I’m not talking about targeted advertisements sourced from browser cookies or my search habits; that marketing tsunami is a different beast. I’m talking about instances where I’d said something in a private conversation – at a volume that only the two parties present could have heard (or so I naively still think) – to find it only a few taps away the next time I unlock my iPhone.
The day prior to this, I was discussing Daniel Ricciardo’s move to McLaren with a colleague. Half an hour later, a Sky Sports article on the same topic popped up at the top of my ”suggested for you” Facebook feed. Earlier that week during dinner with my housemates, I was talking about a PayPal scam that happened to a friend of mine years ago. Next thing I know, there’s a PayPal ad waiting for me as I enjoyed a quick scroll before bed.

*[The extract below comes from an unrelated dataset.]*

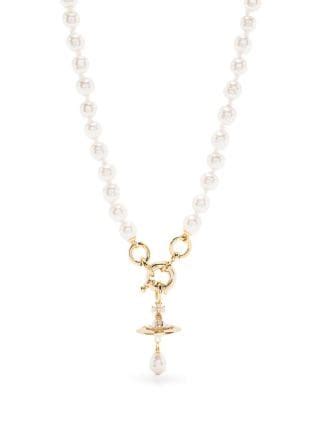Vivienne Westwood Orb Detail Pearl Necklace Farfetch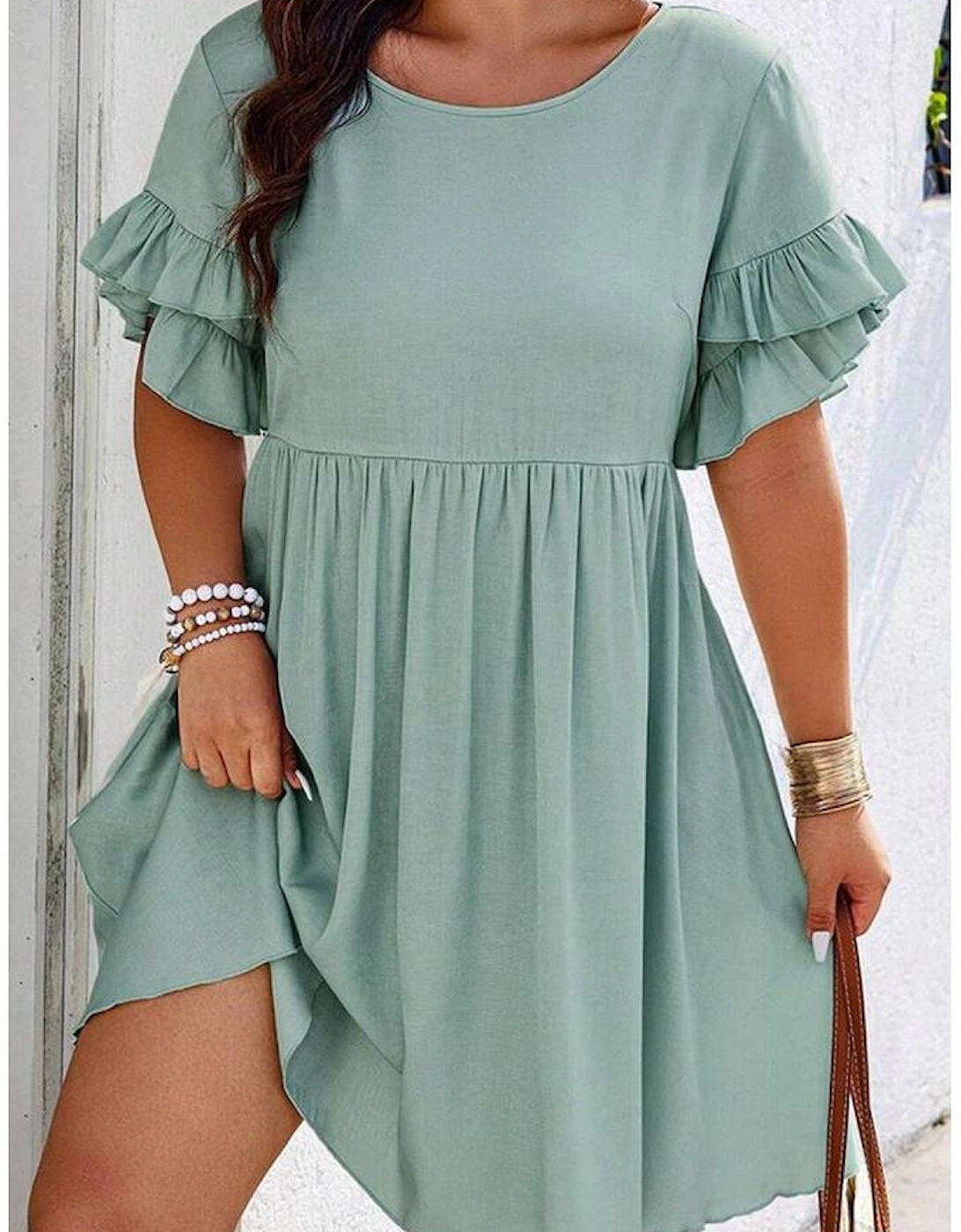 Grass Green Ruffle Trim Short Sleeve Plus Size Flared Mini Dress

Is my phone listening to me? I’m certain of it. To what extent though, I’ll never know. Some people suspect it, sure, some tech companies have even admitted to it (though not many, and usually after they’ve been caught in the act), but we live in a grey area where not everyone fully realises what’s happening to them. If you aren’t aware of it, then you can’t control it – and that’s where the problem currently lies.
At the risk of sounding like a disgruntled Boomer with a tendency to attack every element of technological progression that I struggle to accept, I can’t help but admit I’m frustrated with the explicit overextension of targeted advertising. And in many ways, the more pissed off I get, the less receptive I am to the brands that are being forced down my throat. Funny that, isn’t it? Somewhat ironic, too, for a guy who works in digital media.
But the worst part is that unless you dust off your OG Motorola flip phone or whip out your Grandad’s typewriter, there’s almost nothing you can do to stop it. I’ve begun to seriously wonder to what extent this is happening, what precautions or tools we have to mitigate it, and, on which side of the law this subject finds itself.
If my phone is listening to me, is that actually legal?
Let’s start with the latter. The short answer is yes, it’s legal because I give permission for it to happen. Not to mention that the legal system is inherently flawed at regulating these rapidly changing capabilities. The problem is also cross-jurisdictional, but that’s another issue entirely.
Despite Facebook consistently denying allegations that it’s always listening to us, chances are you’ve already tapped ‘allow’ when prompted with the request for access to your microphone on all of the company’s popular apps, including WhatsApp and Instagram.
For smart assistant services such as Siri, Google and Alexa to function properly, they explicitly rely on what are known as ‘audio triggers’ to capture specific pieces of data from your conversations. You’re probably familiar with “Hey Siri” and “Okay Google”, but you likely don’t know that there are hundreds – possibly thousands – of triggers, and when it comes to Facebook, nobody actually knows what they are.
The information sourced from these known triggers somehow finds its way back to other networks (like Facebook’s, for example), but anything beyond that is not fully understood. This data is encrypted and only kept deep within the apps themselves, but you can bet on the fact that it’s archived and added to an evolving profile of who you are, what you’re interested in, and what you might be keen to consume.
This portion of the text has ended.